* Assigned task *
Before printing the listing, strip out its pictures and keep everything else exact.

* Supplied material *
+===+

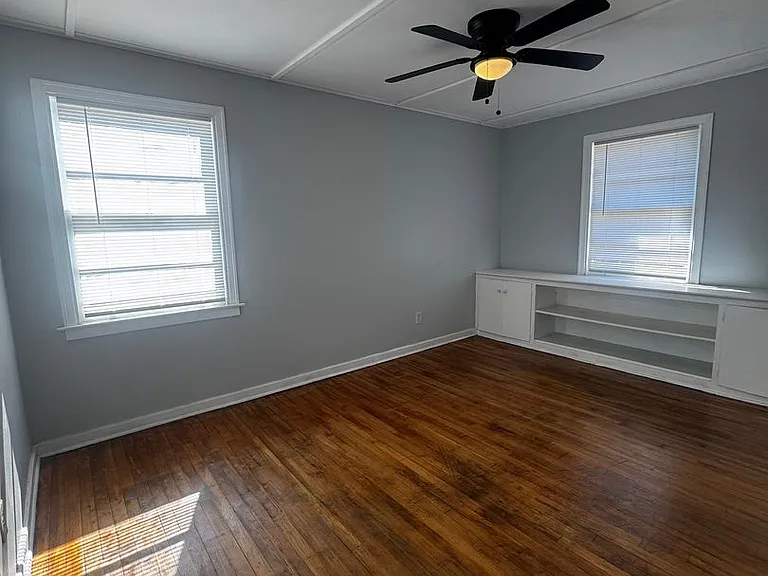 3544 Southmont Dr — Photo 4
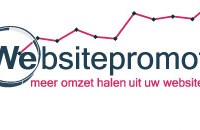 http://www.websitepromotor-eindhoven.nl/ haal meer uit uw website!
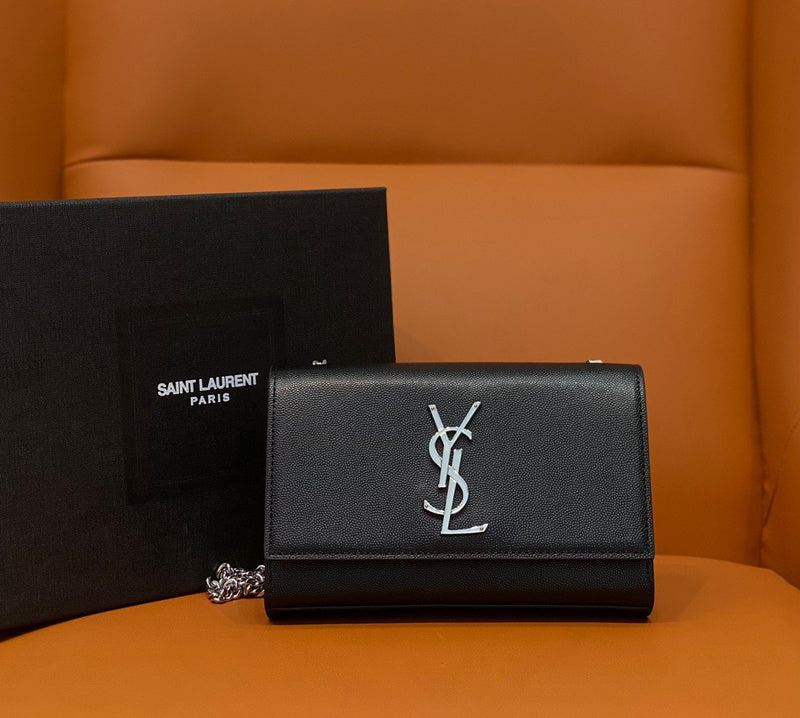 Franco Shops - Yves Saint Laurent - Bags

+===+

* Result of the exercise *
 3544 Southmont Dr — Photo 4
 http://www.websitepromotor-eindhoven.nl/ haal meer uit uw website!
 Franco Shops - Yves Saint Laurent - Bags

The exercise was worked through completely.